Renée Zellweger and Colin Firth in Bridget Jones's Diary (2001).
Renée Zellweger and Colin Firth in Bridget Jones's Diary (2001).
Miramax

While action addicts love to extol the Christmas themes of 1988’s Die Hard every time December rolls around, the Bruce Willis-led blockbuster has plenty of company in the no man’s land between “Definitely a Christmas movie” and “Definitely not a Christmas movie.” From romantic comedies to rip-roaring thrillers, here are some other Hollywood hits that you can definitely justify adding to an upcoming holiday movie marathon (whether your guests like it or not).

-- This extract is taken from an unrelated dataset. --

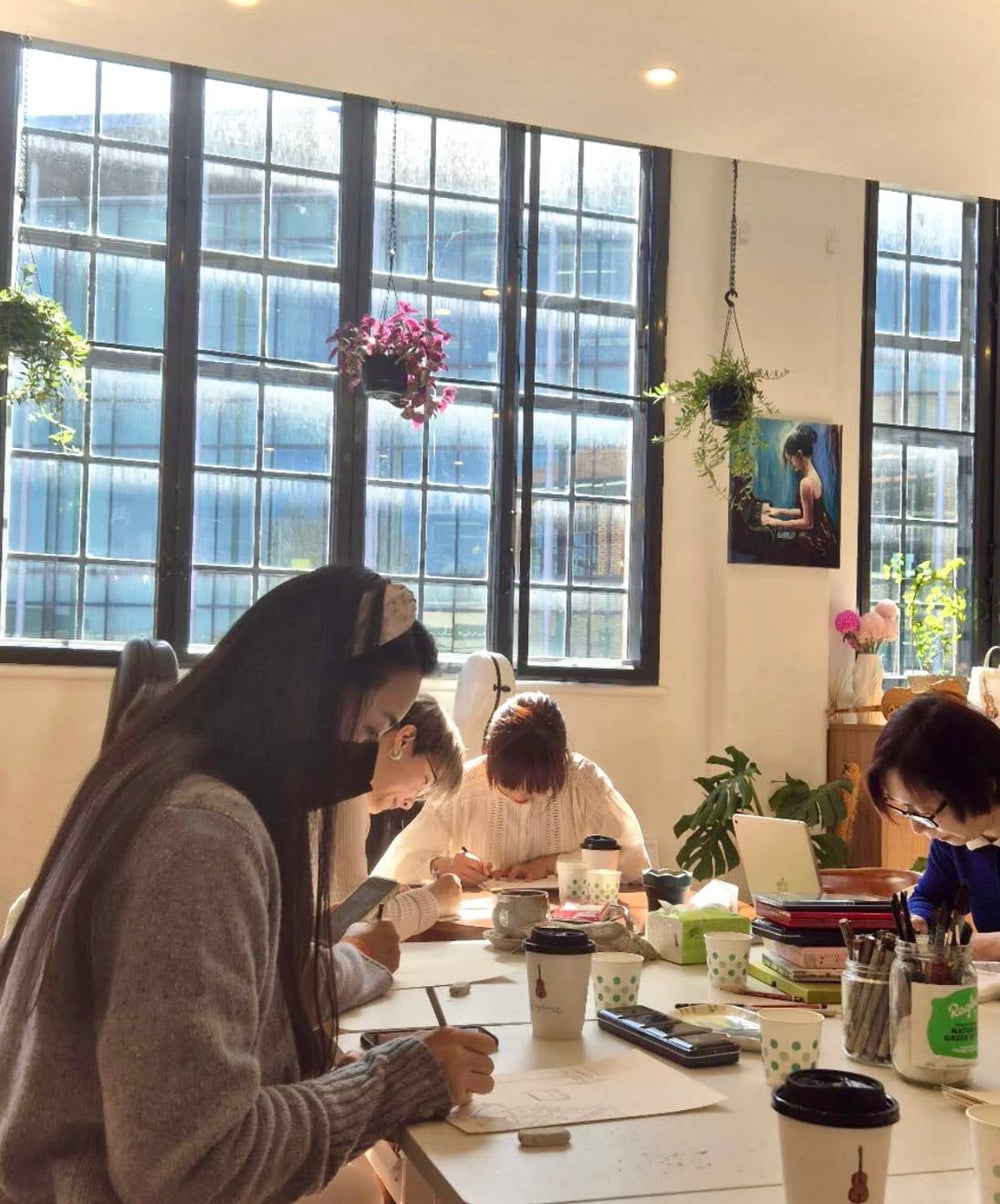Participants painting together at tables in Symphonia Café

1. Bridget Jones's Diary (2001)

The only thing that screams “Christmas movie!” louder than an image of Colin Firth in a Rudolph-themed knit sweater (a.k.a. jumper) is a final scene where the two romantic leads kiss amidst a backdrop of falling snow and twinkling Christmas lights. Renée Zellweger’s classic rom-com Bridget Jones’s Diary has—you guessed it—both those things.

2. Trading Places (1983)

If your conception of Christmas includes a boozed-up, belligerent Dan Aykroyd stealing assorted meats from an upscale holiday party while dressed in full Santa garb, then this ’80s comedy is your quintessential Christmas flick. The plot revolves around a social experiment in which a well-to-do broker (Aykroyd) is unwittingly forced to swap lives with a petty criminal (Eddie Murphy), and the movie’s June release suggests that the filmmakers didn’t intend for its Christmas setting to factor into the public reception of the film in any significant way. In America, it might not have—but Trading Places is broadcast in Italy every Christmas Eve.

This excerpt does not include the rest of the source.